I need the lines below from the one with "Mattawan home with hunting acreage for sale" down to the one with "Mackinac Bridge #4" reproduced exactly, both ends included, and nothing else.
== Supplied data
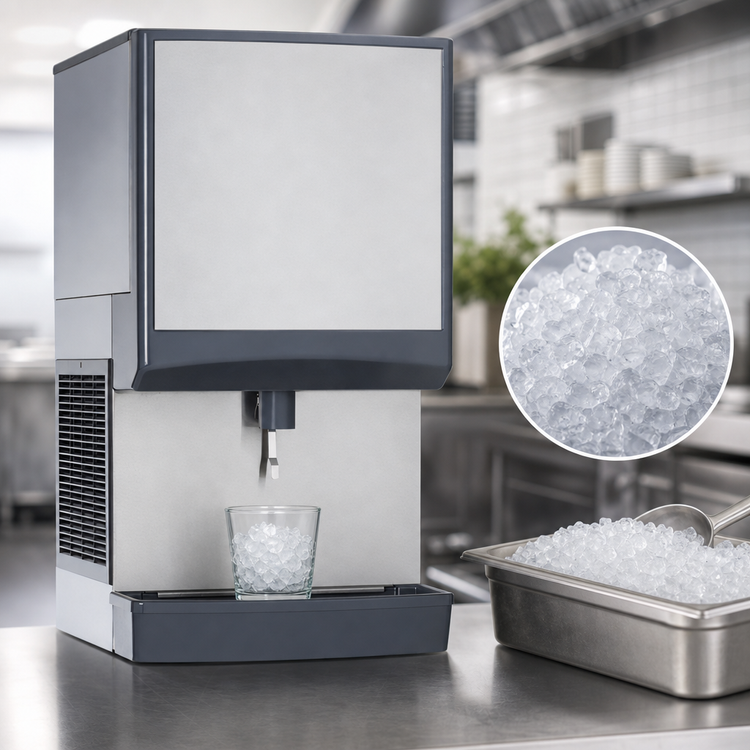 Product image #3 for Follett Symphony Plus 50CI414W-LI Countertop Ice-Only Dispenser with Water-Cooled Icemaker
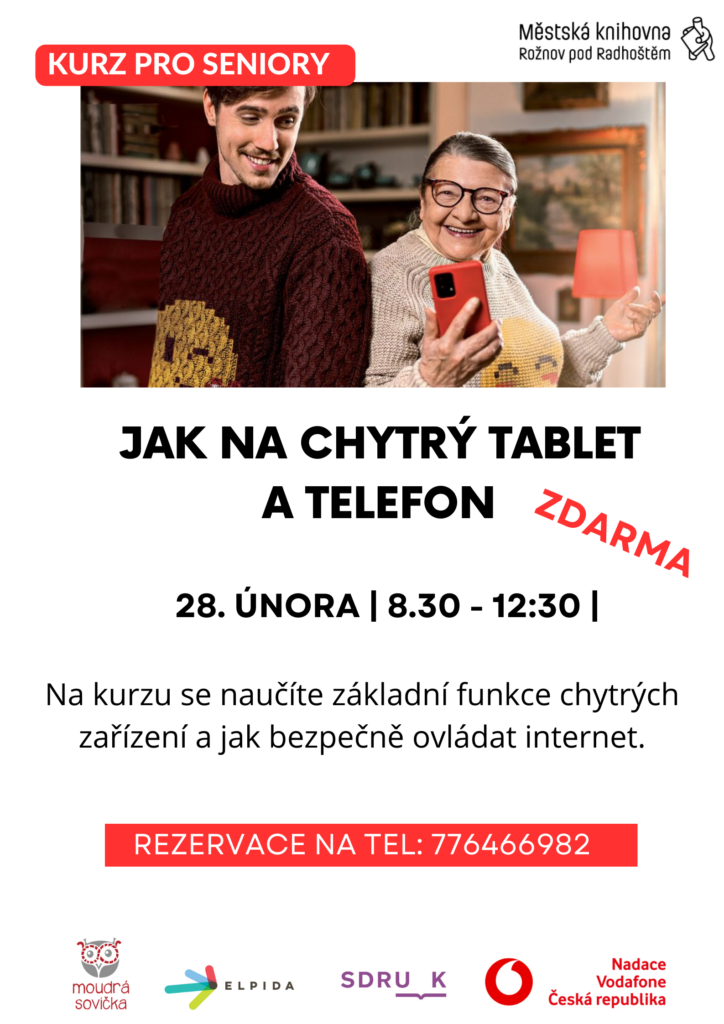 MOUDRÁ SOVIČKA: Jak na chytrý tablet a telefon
====
== Supplied data
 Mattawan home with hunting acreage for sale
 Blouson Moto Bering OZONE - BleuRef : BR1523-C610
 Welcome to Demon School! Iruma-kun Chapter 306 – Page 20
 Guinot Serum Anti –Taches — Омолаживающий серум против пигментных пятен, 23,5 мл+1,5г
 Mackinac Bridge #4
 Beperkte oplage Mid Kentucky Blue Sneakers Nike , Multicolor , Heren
====
== Supplied data
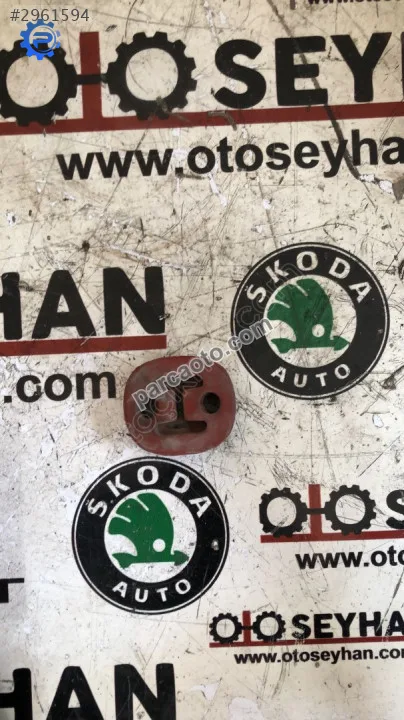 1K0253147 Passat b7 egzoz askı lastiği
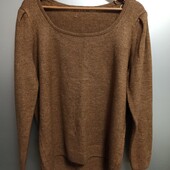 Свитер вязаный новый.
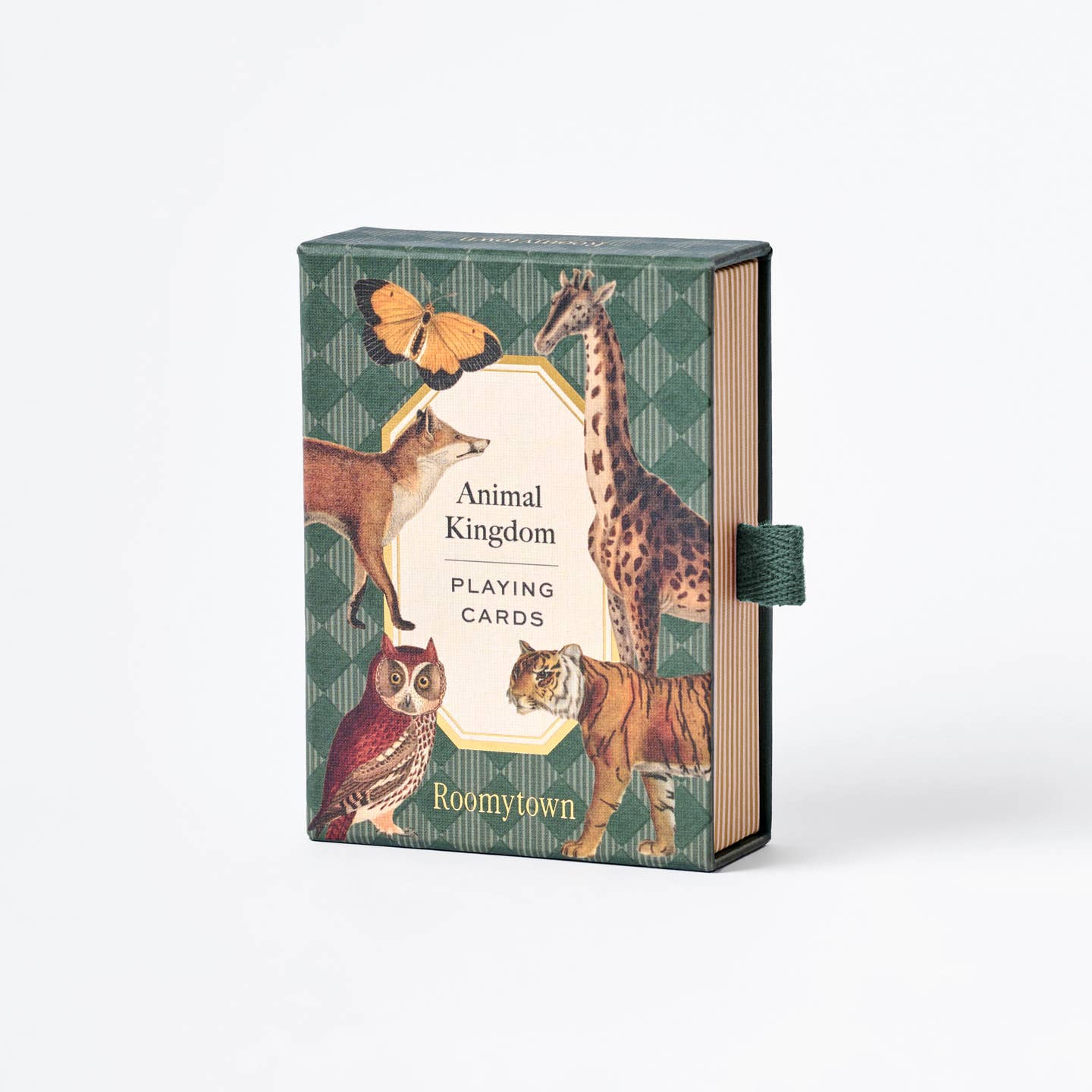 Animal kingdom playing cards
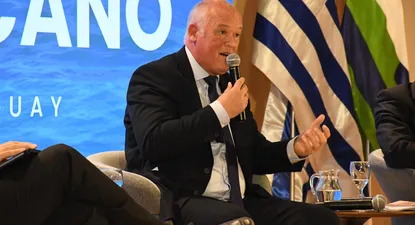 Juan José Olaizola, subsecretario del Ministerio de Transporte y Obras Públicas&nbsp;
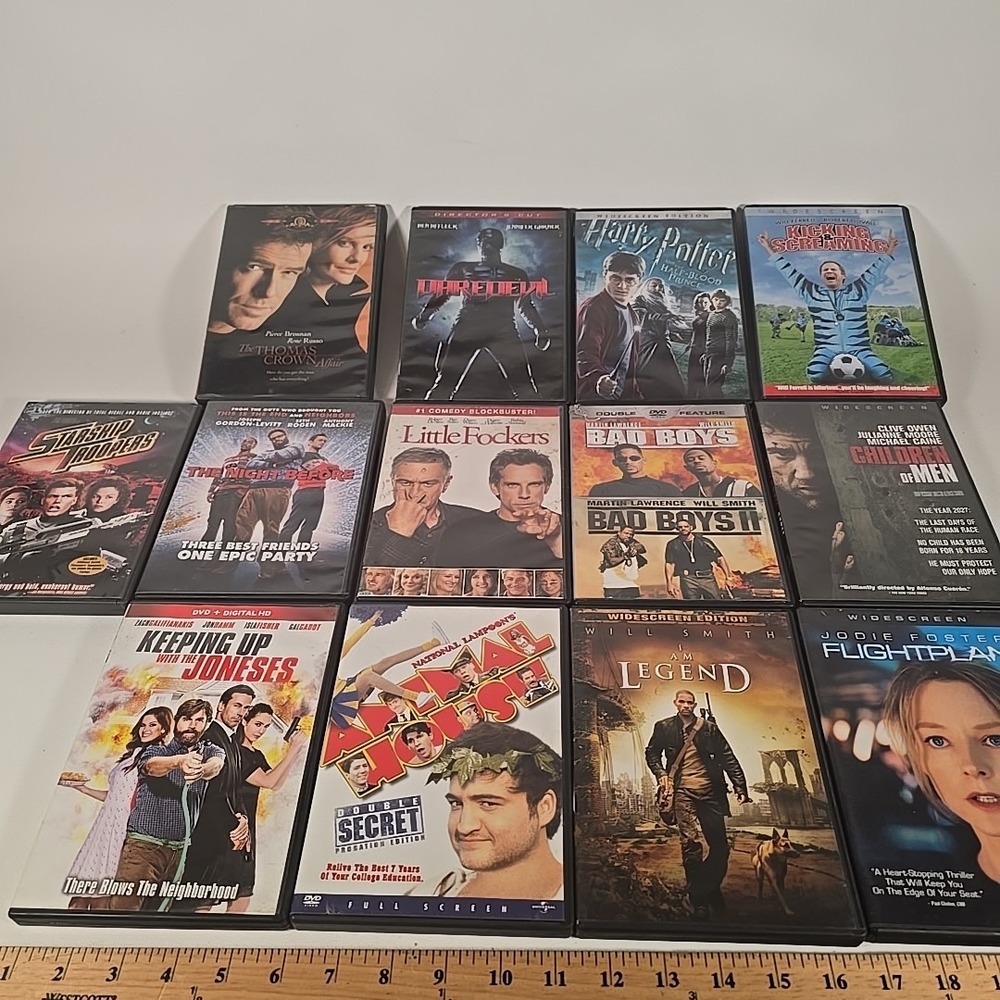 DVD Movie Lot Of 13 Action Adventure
====
### Answer space
 Mattawan home with hunting acreage for sale
 Blouson Moto Bering OZONE - BleuRef : BR1523-C610
 Welcome to Demon School! Iruma-kun Chapter 306 – Page 20
 Guinot Serum Anti –Taches — Омолаживающий серум против пигментных пятен, 23,5 мл+1,5г
 Mackinac Bridge #4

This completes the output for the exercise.